What to do:
With the material below, print exactly the lines between the line holding "Immobilier en Corse" and the line holding "Restaurant/places to eat in Amare Hotel", inclusive. Add nothing else.

Data section:
* * * *

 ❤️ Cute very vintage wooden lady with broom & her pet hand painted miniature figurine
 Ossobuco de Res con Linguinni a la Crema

* * * *

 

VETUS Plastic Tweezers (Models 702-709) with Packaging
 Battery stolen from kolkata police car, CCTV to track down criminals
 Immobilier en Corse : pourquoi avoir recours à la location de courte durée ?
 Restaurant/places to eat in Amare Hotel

* * * *

Response to the task:
 Immobilier en Corse : pourquoi avoir recours à la location de courte durée ?
 Restaurant/places to eat in Amare Hotel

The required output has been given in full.